Augustine writing his brilliant work city of God in the ruins of the mighty Roman Empire had the perfect political and eschatological perspective. Augustine was getting at some things that as followers of Christ we must not ignore. He was arguing against an over-identification with the temporal aspects of even the greatest city of man. The political problem in the church is not an Obama or Trump issue. It isn’t a red state blue state issue. The problem with the church and politics is those in the church are too quick to identify as Republican or Democrats. It was from the ruins of perhaps the greatest city ever that Augustine pleads with us to find our identity in the city of God rather than the city of man.

Pastor as Disciple

One of the dangers that can come from being a Pastor who is a leader is you forget or neglect the fact that you are first and foremost a disciple. Leadership is fun it can be very challenging but is many times rewarding because we look behind us and can count those following us and be encouraged by our weekly mini census. The problem with being a disciple is that it is not glamorous it is not visible. It is difficult and often times painful.

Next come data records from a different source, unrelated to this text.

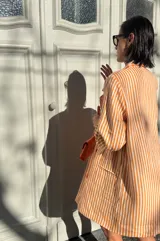 Blazer oversize con solapas y cuatro botones. Diseño estructurado con forro interior.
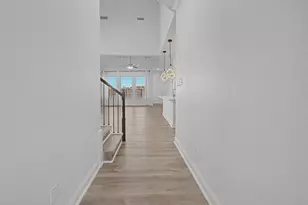 523 Paddock Way, Irving, TX 75039 - Photo 5
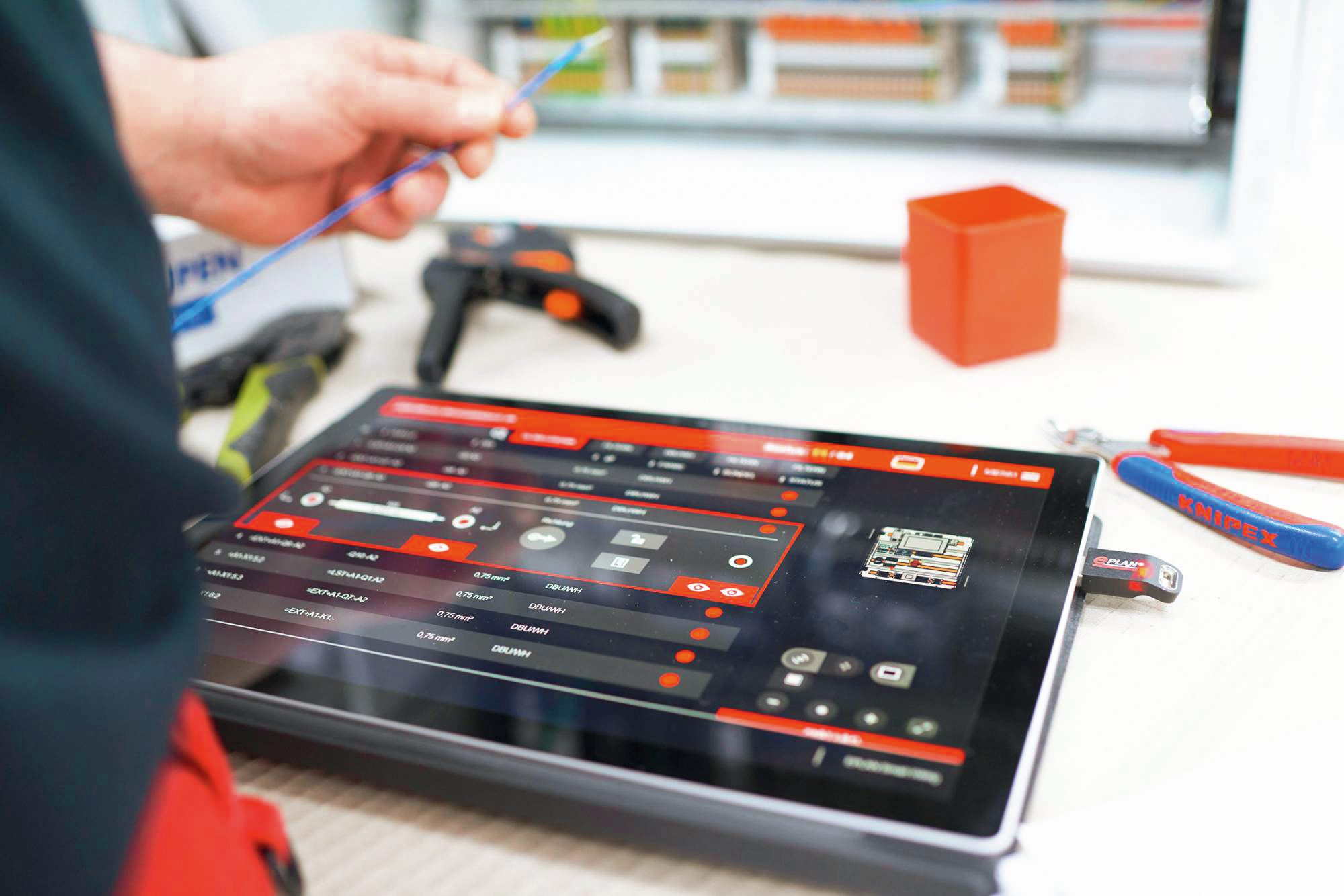 Richtung vollautomatische Verdrahtung im Schaltschrank ist eingeschlagen 4 Richtung vollautomatische Verdrahtung im Schaltschrank ist eingeschlagen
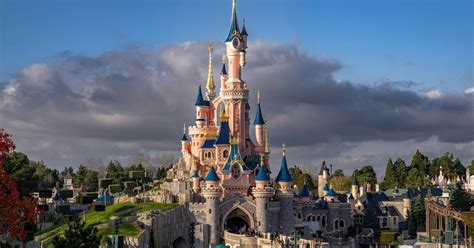 Inside the Disneyland Paris castle from its hidden details to a ...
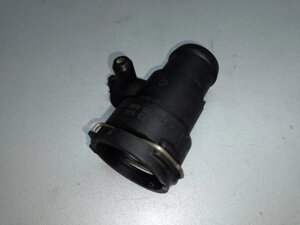 Фланець системи охолодження AUDI Q5 08-16 8K0 122 293 F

Under-shepherds, pastors, always remember that you are more fundamentally a sheep than a shepherd. – Mark Dever

We as pastors can be so busy getting others to live the Christian life that we forget that the Christian life is a daily dying. It is walking in a moment by moment obedience to the call of Christ and to the cross of Christ.

Youth pastor your job is to preach the gospel to the next generation, absolutely but if you fail to follow Christ primarily, your messages will be shallow, and your ministry will be short. I have pastored at the same church for nearly 20 years and what I have learned is that I want to duck and I want to hide. I have now known most people longer than I have lived my life not knowing them. What that affords me is people speaking truth to me when I need it most, even if I don’t want to hear it.

I have led in times when I wasn’t following well and the ground was as hard and as inflexible as my heart. I find the more I live my life yielded to Christ the more I am concerned with how well I am following. Healthy leadership is most often the byproduct. There are many unhealthy churches in America because there are many unhealthy leaders in America. Pastor, you must preach the cross of Christ not just principles for better living, you must model what it means to deny yourself and carry the cross you preach.

Pastor as Leader

Pastor Your Leadership Matters More Than You Think.

Much has been written on this subject and for good reason, because the church needs not just good men it needs good men who will lead people to Christ. Leading people to Christ inherently requires leadership. The Christian life is not one of separation and study alone. It is one of interaction and guidance. A pastor is not a monk he is a follower who leads other followers. He is flawed for sure but he must not let his flaws disqualify him from leading but must lead in such a way that he points beyond himself to Christ.

How many people follow you doesn’t make you a leader THAT someone is following you does. If you are a pastor you are a leader. You have a responsibility to lead well and to lead people to a closer walk with Christ.